SciELO - Scientific Electronic Library Online

 
vol.1 número1Relações humanas na instituição causando ansiedade e depressãoPalavras trocadas: o mal-entendido em um atendimento de casal índice de autoresíndice de assuntospesquisa de artigos
Home Pagelista alfabética de periódicos  

Revista da SPAGESP

versão impressa ISSN 1677-2970

Rev. SPAGESP v.1 n.1 Ribeirão Preto  2000

 

PARTE I - O GRUPO DA INSTITUIÇÃO E O GRUPO NAS INSTITUIÇÕES

 

O grupo e a instituição1

 

 

Rose Pompeu de Toledo2

Núcleo de Estudos em Saúde Mental e Psicanálise das Configurações Vinculares - NESME

Endereço para correspondência

 

 


RESUMO

A autora apresenta um trabalho de assessoria institucional a um Centro de Juventude de São Paulo realizado por dois psicólogos.

Descreve a instituição e apresenta um fragmento de um encontro do grupo de funcionários desta instituição.

A seguir faz algumas considerações que ilustram o seu entendimento desta determinada relação institucional, utilizando o referencial teórico de Bleger.


ABSTRACT

The author presents an institutional job of accessory to a teen-agers center of city of São Paulo, made by two psychologists.

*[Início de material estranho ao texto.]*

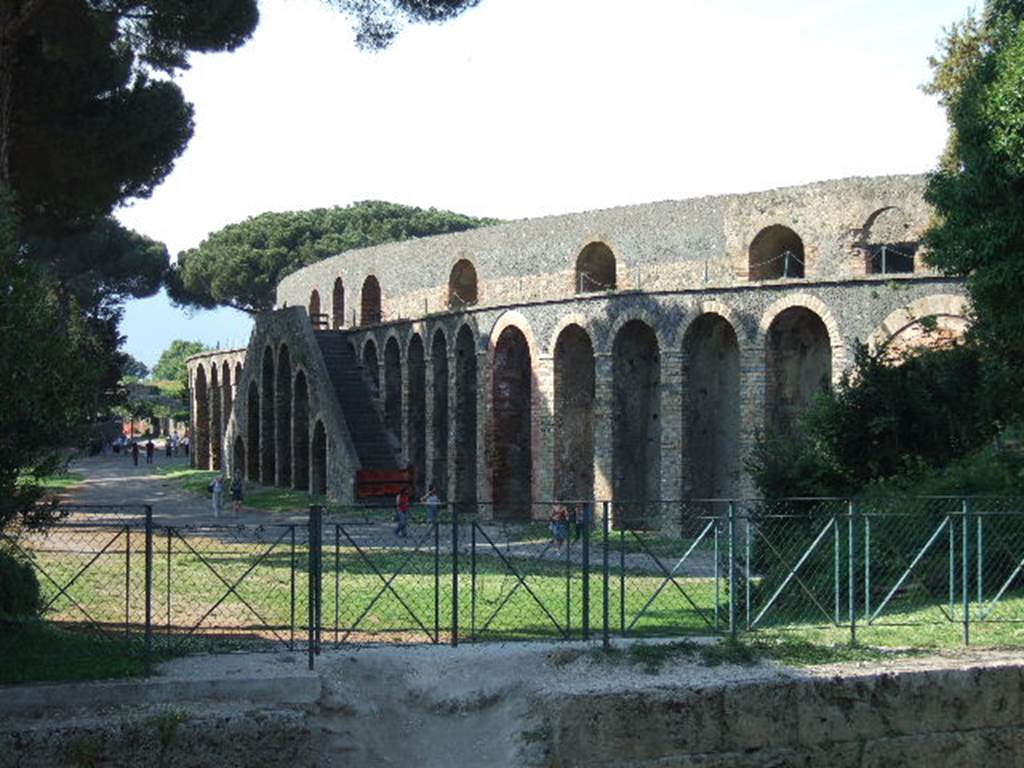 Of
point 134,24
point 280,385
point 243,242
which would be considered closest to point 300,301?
point 280,385

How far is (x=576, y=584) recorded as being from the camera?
13.5 metres

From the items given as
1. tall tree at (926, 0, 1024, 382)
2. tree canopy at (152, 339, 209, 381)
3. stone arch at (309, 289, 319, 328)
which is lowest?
tall tree at (926, 0, 1024, 382)

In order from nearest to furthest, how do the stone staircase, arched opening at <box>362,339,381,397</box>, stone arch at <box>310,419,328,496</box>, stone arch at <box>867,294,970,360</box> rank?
1. stone arch at <box>867,294,970,360</box>
2. the stone staircase
3. stone arch at <box>310,419,328,496</box>
4. arched opening at <box>362,339,381,397</box>

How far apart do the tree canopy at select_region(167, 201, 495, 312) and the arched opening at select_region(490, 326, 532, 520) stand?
99.8 ft

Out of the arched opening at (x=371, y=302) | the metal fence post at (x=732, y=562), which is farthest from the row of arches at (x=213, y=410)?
the metal fence post at (x=732, y=562)

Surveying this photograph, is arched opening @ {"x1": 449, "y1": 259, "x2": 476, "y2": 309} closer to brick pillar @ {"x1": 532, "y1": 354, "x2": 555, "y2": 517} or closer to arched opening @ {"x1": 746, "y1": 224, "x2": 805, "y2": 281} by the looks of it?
brick pillar @ {"x1": 532, "y1": 354, "x2": 555, "y2": 517}

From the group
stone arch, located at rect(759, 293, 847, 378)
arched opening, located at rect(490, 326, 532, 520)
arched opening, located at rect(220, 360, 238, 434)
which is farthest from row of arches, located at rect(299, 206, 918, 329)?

It shows the institution and presents a part of a meeting of a workers team of this institution.

Following some considerations that show how to understand this institutional relation, using the point of view from Bleger.


RESUMEN

La autora presenta un trabajo de accesoriamento institucional para un centro de la juventud de São Paulo hecho por dos psicólogos.

Describe la institución y presenta una fracción de un encuentro de lo grupo de trabajadores de esta institución.

Por adelante hace algunas consideraciones que ilustran su entendimiento de esta determinada relación institucional utilizando lo referencial teórico de Bleger.


 

 

O título desta mesa me remete à conferência, “O grupo como instituição e o grupo nas instituições”, pronunciada por Bleger em Porto Alegre, em 1970.

Nesse texto Bleger afirma que “um grupo é um conjunto de pessoas que entram em interação entre si, porém, além disso, o grupo é fundamentalmente, uma sociabilidade estabelecida sobre um fundo de indiferenciação ou de sincretismo, no qual os indivíduos não têm existência como tais e entre eles atua um transitivismo permanente” &– Bleger (1964).

Este autor conceitua a personalidade como estruturada pela dinâmica entre um ego sincrético e um ego organizado e postula a existência da comunicação grupal como derivada desta estruturação. A comunicação no grupo é um permanente movimento de diferenciação e indiferenciação. Pode-se dizer que exatamente por este movimento o indivíduo é sempre grupo. Bleger supõe, portanto, uma indissociabilidade entre o sujeito, a organização grupal e a institucional.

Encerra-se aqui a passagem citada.